Work request:
Report each line of the records below that holds the word "Retreat".

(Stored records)

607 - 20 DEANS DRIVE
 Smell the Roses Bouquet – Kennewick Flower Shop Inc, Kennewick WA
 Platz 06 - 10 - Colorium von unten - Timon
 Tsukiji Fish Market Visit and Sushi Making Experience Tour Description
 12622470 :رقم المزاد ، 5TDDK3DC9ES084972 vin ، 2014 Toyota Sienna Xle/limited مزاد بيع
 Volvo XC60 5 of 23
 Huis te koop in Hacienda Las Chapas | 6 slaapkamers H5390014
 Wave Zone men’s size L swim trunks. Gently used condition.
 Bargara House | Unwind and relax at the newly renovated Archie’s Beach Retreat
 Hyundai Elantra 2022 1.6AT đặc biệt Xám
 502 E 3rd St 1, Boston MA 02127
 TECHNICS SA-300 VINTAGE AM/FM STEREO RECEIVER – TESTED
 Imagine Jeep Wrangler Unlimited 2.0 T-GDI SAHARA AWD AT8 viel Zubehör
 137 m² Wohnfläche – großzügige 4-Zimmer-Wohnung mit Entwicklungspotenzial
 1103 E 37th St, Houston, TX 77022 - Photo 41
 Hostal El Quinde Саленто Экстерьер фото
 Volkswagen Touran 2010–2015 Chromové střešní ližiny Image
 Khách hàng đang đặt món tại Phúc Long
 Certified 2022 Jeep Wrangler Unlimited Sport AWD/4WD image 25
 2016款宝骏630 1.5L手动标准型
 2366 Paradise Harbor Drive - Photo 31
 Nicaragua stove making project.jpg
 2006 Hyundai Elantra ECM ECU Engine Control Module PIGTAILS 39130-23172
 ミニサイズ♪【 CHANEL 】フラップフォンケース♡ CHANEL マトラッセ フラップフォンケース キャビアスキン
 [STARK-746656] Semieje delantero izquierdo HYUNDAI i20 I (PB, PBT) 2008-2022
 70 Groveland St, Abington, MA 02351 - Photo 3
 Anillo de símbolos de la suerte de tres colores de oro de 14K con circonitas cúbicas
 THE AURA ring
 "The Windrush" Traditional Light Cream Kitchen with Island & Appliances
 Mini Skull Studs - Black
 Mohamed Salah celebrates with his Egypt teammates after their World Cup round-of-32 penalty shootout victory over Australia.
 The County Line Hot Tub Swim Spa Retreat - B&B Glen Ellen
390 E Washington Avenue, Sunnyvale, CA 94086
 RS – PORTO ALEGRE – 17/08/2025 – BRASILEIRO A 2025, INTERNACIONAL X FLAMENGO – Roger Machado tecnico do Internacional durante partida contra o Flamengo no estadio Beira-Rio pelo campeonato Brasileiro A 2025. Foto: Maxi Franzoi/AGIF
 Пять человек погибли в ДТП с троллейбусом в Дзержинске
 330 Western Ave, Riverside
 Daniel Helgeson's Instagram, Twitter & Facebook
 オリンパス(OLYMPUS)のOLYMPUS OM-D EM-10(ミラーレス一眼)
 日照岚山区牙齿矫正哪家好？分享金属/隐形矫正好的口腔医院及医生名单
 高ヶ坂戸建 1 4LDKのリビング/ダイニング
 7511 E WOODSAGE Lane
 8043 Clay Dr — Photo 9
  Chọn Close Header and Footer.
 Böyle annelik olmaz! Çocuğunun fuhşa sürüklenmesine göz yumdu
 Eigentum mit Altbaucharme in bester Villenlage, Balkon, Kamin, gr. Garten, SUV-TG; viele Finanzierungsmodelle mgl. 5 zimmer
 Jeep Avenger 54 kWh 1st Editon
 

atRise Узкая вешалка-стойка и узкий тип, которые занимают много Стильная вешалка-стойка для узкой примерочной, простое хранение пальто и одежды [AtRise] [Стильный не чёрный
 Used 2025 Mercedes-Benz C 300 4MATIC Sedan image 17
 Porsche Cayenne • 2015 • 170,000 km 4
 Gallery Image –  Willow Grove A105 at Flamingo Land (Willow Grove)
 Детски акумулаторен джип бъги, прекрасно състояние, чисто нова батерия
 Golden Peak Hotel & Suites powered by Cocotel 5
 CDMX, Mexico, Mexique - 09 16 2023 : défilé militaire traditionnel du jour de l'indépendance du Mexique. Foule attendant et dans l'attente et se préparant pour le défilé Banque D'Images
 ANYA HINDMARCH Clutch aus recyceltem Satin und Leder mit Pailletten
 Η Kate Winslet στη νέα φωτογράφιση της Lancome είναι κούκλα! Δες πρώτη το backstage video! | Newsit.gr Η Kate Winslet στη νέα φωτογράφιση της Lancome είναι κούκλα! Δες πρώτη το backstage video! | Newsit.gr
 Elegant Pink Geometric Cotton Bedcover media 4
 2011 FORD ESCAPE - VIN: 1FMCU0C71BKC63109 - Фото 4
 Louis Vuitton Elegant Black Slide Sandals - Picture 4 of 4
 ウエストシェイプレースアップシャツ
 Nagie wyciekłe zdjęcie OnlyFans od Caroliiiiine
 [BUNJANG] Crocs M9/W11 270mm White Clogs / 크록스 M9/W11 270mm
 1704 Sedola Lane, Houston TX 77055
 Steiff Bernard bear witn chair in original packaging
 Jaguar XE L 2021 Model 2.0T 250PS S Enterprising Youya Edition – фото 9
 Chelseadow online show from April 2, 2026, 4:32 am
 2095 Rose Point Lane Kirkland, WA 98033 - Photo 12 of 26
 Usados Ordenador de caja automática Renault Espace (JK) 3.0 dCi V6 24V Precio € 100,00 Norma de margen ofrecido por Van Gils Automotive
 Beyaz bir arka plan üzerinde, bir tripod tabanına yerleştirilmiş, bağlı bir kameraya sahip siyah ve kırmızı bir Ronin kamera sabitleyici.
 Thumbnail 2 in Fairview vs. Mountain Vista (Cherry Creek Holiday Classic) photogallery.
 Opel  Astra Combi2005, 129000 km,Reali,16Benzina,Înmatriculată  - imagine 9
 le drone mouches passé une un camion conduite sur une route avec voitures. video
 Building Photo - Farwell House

Reply to the exercise:
 Bargara House | Unwind and relax at the newly renovated Archie’s Beach Retreat
 The County Line Hot Tub Swim Spa Retreat - B&B Glen Ellen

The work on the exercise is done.